Company Develops Clog-Free Cryostat
A NEW TYPE OF JOULE-THOMSON
CRYOSTAT developed under an Small Business Innovative Research (SBIR)
contract awarded by Kennedy Space Center features exclusive, anti-clogging
flow-regulation capabilities for custom-design applications. General
Pneumatics Corporation (GPC) of Phoenix, Arizona, is meeting a need
to provide very low-temperature cooling for infrared sensors, superconductors,
supercooled electronics, spacecraft, nuclear contamination detectors
and cryosurgery.
GPC company spokesman Woody Ellison said the Joule-Thomson cryostat
can operate continuously with gas contamination levels that would
quickly clog conventional cryostats. GPC cryostats employ a more
rugged and stable means of flow regulation than conventional cryostats,
and they can be equipped with a manual- or actuator-driven flow
adjustment, especially useful in developmental and laboratory applications.

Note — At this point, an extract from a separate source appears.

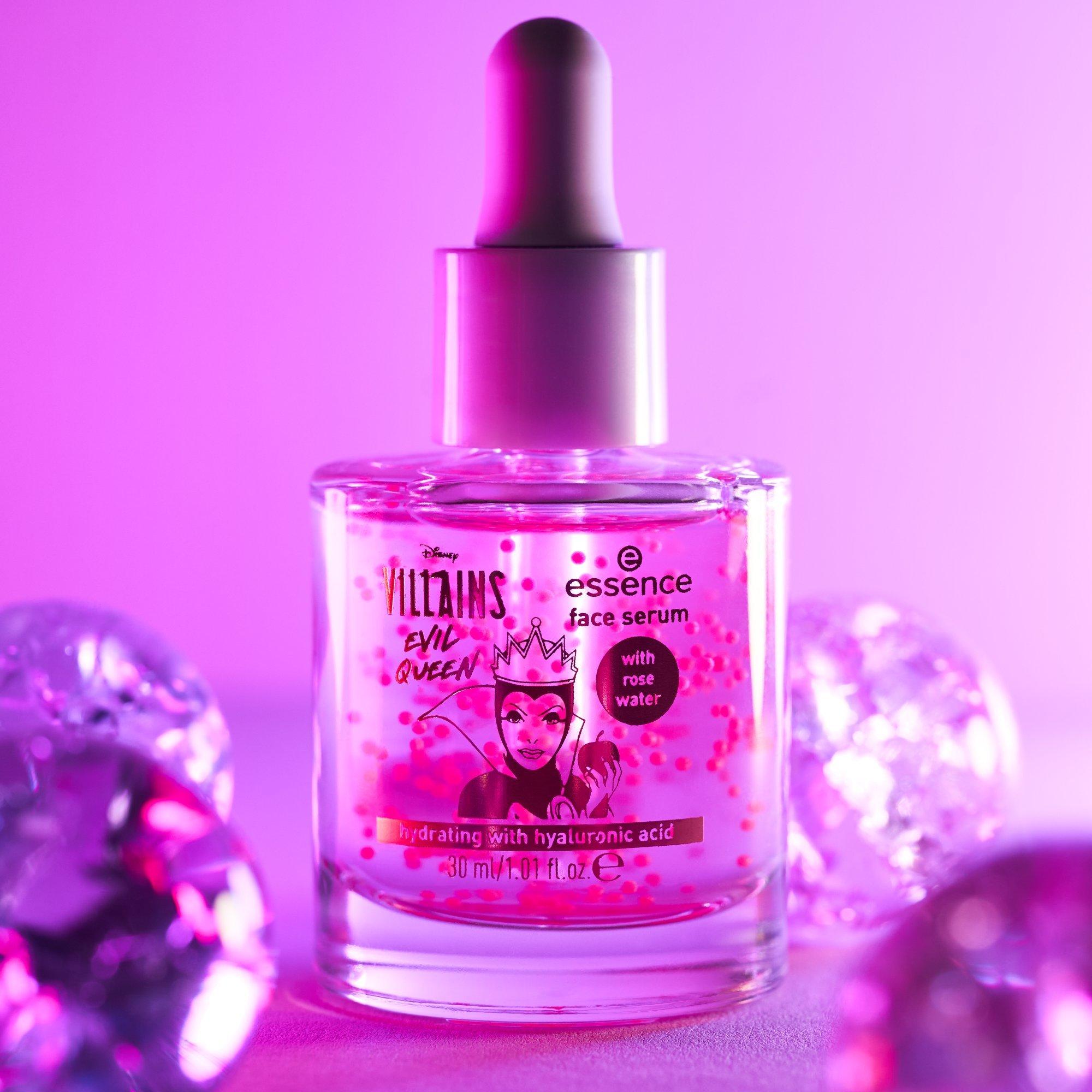 Disney Villains Evil Queen face serum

NASA originally needed the innovation for vapor boil-off liquifiers
capable of extended operation for long periods without maintenance.

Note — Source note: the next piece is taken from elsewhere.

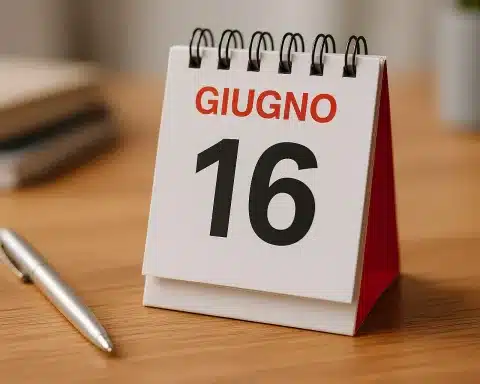 acconto imu scadenza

Ellison pointed out that GPC has also designed and produced custom
Joule-Thomson cryostats for several prospective applications, including
spacecraft, computer electronics, nuclear contamination detection
and counterproliferation, and cryosurgery.

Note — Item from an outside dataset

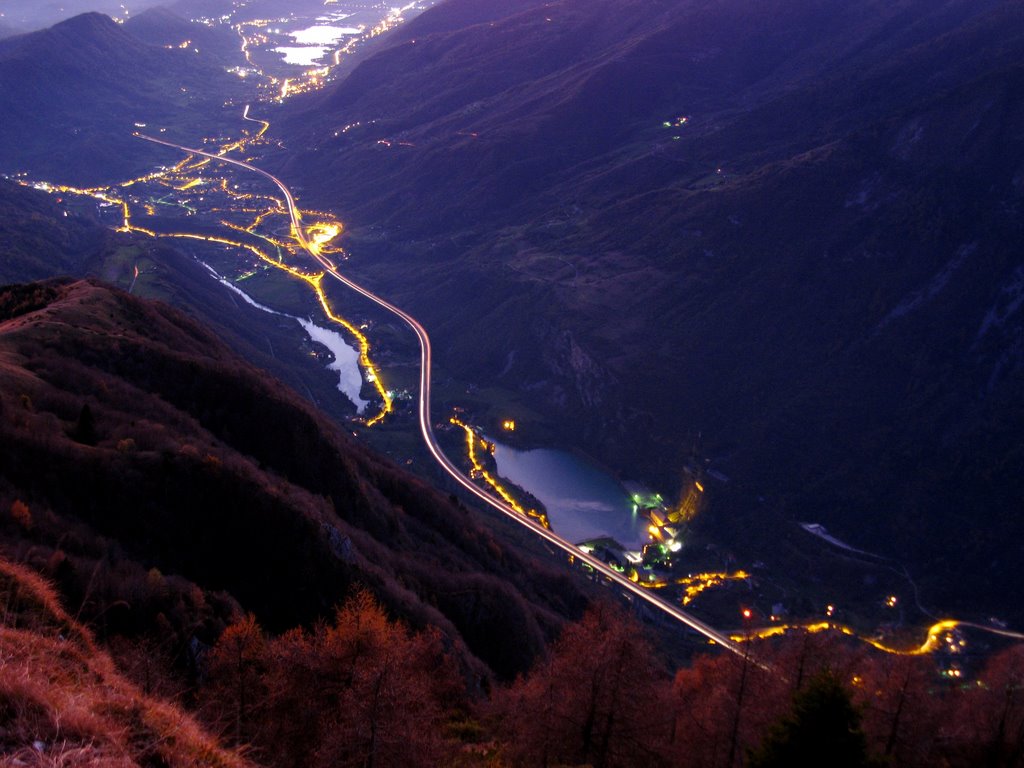 Val Lapisina e Val Sana - Laghi Restello, Negrisiola, Revine by alberto_meneghin@hotmail.com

The patented features have been incorporated in cryostats ranging
in cooling capacity from 0.25 watt to 50 watts. In simultaneous
testing with commercial grade nitrogen, GPC's cryostat demonstrated
continuous operation with contamination levels, which repeatedly
clogged conventional cryostats within six minutes. Under SBIR Phase
II, the cryostat design was extended to 50 watts with a cooling
capacity at 77 degrees Kelvin. NASA's Kennedy Space Center received
a design that was incorporated into a prototype closed-loop cryocooler
featuring a new oil-free, sealed high-pressure compressor and novel
closed-loop control scheme.
One development was a highly sophisticated adjustable two-stage
xenon/krypton cryostat assembly for Aerojet ESD. Also for Aerojet
ESD, GPC's research unit designed an anti-clogging cryostat to continuously
produce solid hydrogen at 10 degrees Kelvin. Another cryostat was
successfully tested at NASA's Jet Propulsion Laboratory in an experimental
80-degree Kelvin sensor cooler, which achieved a temperature stability
three orders of magnitude better than conventional cryostats. For
CryoGen, GPC's research unit provided a prototype anti-clogging
cryostat for a closed-cycle cryosurgery system.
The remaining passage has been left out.